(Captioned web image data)
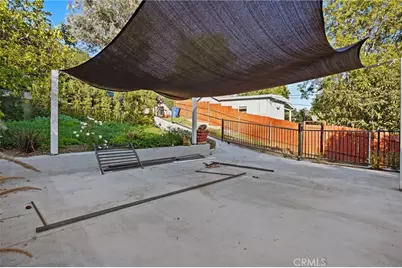 5831 Tipton, Los Angeles, CA 90042 - Photo 18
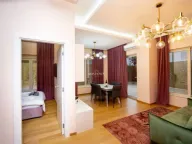 Izdavanje, dvosoban stan, 107m², Centar, Budva - image 1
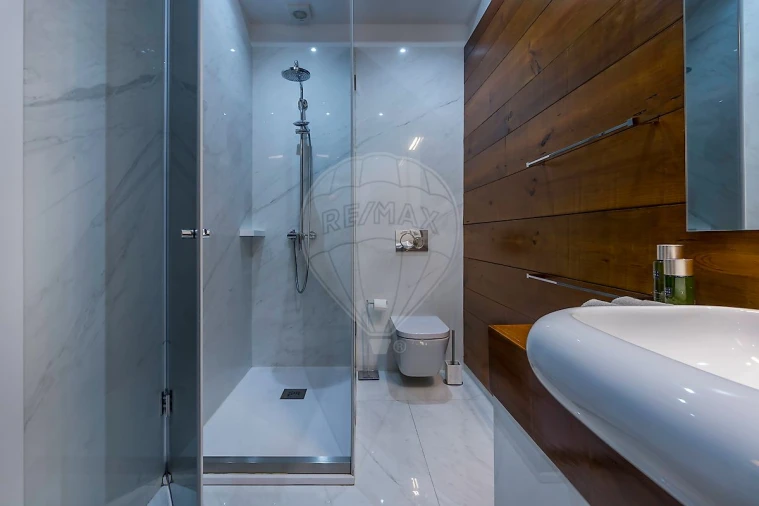 Apartamento T2 para Venda em Cedofeita, Santo Ildefonso, Sé, Miragaia, São Nicolau e Vitória Foto 17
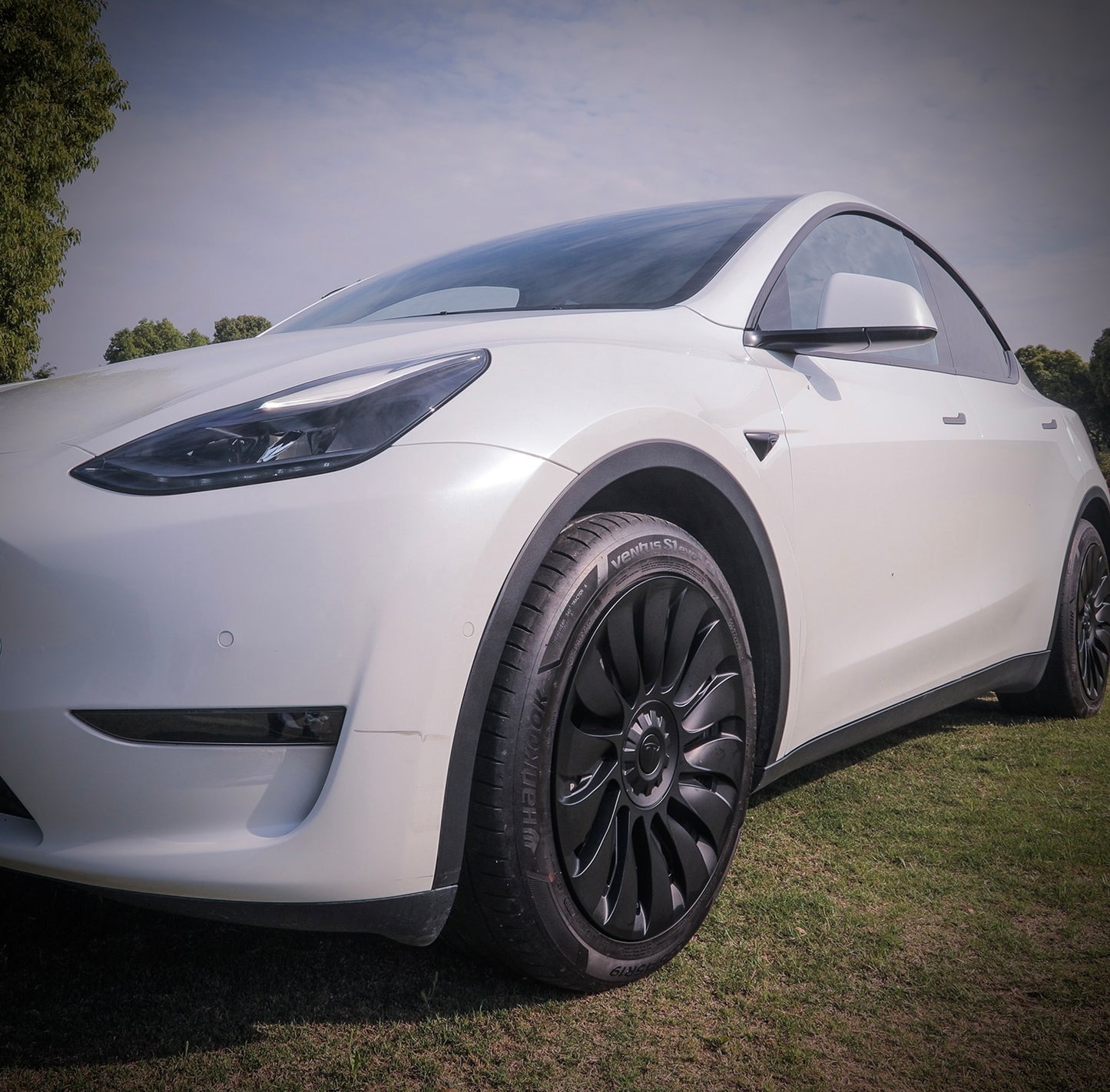 TURBO MATTE | Tesla Model Y Gemini hjulkåpor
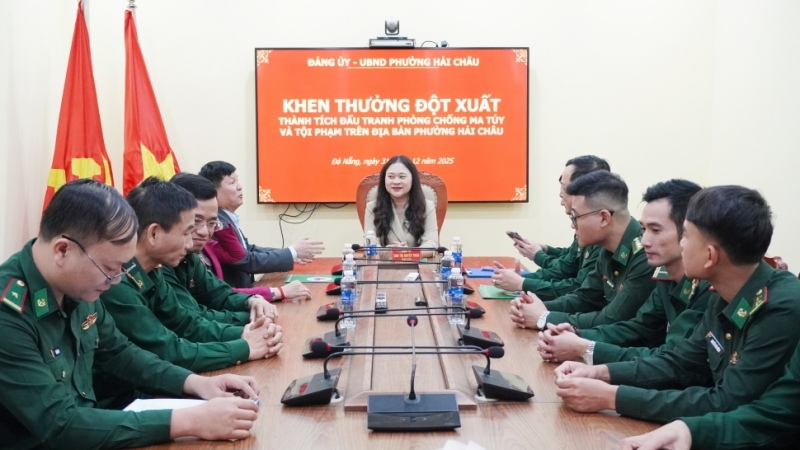 Khen thưởng đột xuất thành tích đấu tranh phòng, chống ma túy và tội phạm trên địa bàn phường Hải Châu Khen thưởng đột xuất thành tích đấu tranh phòng, chống ma túy và tội phạm trên địa bàn phường Hải Châu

(Task description):
All entries must be output exactly as they stand, and every picture must be left out.

(Answer box):
 5831 Tipton, Los Angeles, CA 90042 - Photo 18
 Izdavanje, dvosoban stan, 107m², Centar, Budva - image 1
 Apartamento T2 para Venda em Cedofeita, Santo Ildefonso, Sé, Miragaia, São Nicolau e Vitória Foto 17
 TURBO MATTE | Tesla Model Y Gemini hjulkåpor
 Khen thưởng đột xuất thành tích đấu tranh phòng, chống ma túy và tội phạm trên địa bàn phường Hải Châu Khen thưởng đột xuất thành tích đấu tranh phòng, chống ma túy và tội phạm trên địa bàn phường Hải Châu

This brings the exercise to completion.